Humanists respect knowledge, so it is difficult to advocate for any kind of book burning. However, Terry Jones and his tiny Florida Christian church got an absurd amount of coverage from the nationwide media for planning to burn Qurans. The sheer amount of attention makes it very tempting to do something similar just for the publicity. Not only that, everyone seems to have agreed that it was a bad idea to burn Qurans, from the major media to the Secretary of Defense. Muslims would find it insulting, of course.

But in the U.S., the conclusion was because some people thought that it would make some Muslims become violent, especially in Afghanistan and Pakistan. This sounds like bowing to blackmail from only the possibility of violence. Does this willingness to accommodate religious oversensitivity and violence mean that the terrorists have won?

I disagree that it is bad to burn religious books, either Qurans and Bibles. I would give the following reasons.

The religious books are the most widely published books in the world.

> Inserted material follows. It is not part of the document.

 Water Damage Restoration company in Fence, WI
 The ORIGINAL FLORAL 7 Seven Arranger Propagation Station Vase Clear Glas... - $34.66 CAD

The Bible was the first book printed by Gutenberg after the printing press was invented. Both books are readily available in electronic form, so they can be copied almost limitlessly with the touch of a button. As a result, we don't expect that burning a few paper copies will affect anyone's access to reading or possessing the books.

The books are burned only for symbolic reasons, of which there are two very good ones.

The first reason has to do with freedom of expression for the religious and the non-religious. Religious freedom in the U.S. is protected by the First Amendment to the Constitution, and it is one of our most valued freedoms from government interference. Muslims want to build a mosque a few blocks from the World Trade Center site, and they are free to do it. But if non-Muslims choose to burn a few copies of the Islamic foundational text, they are also free to do it.

An important aspect of the freedom is to accept that the freedoms also apply equally to other people, even without agreeing with them. So if Muslims accept the freedom to build a mosque, they must also accept our freedom to burn a Quran. We should remind them, and ourselves, that we have the freedom, and we must exercise and defend the freedom. A freedom that no one uses because they are afraid of violence, bullying, or coercion is not a freedom at all. We refuse to let threats of violence destroy our freedom.

The second reason to burn a few copies of Qurans and Bibles is to remind ourselves about what is really important about them. The importance is not the physical paper and ink. Some superstitious people may think that these books are sacred, and they will be protected by God so disaster will strike anyone who mistreats a book. But these books are discarded and burned all the time, as are many other books. Individual copies don't matter. The books are only good to the extent that people read them, understand them, and use them to make their lives better.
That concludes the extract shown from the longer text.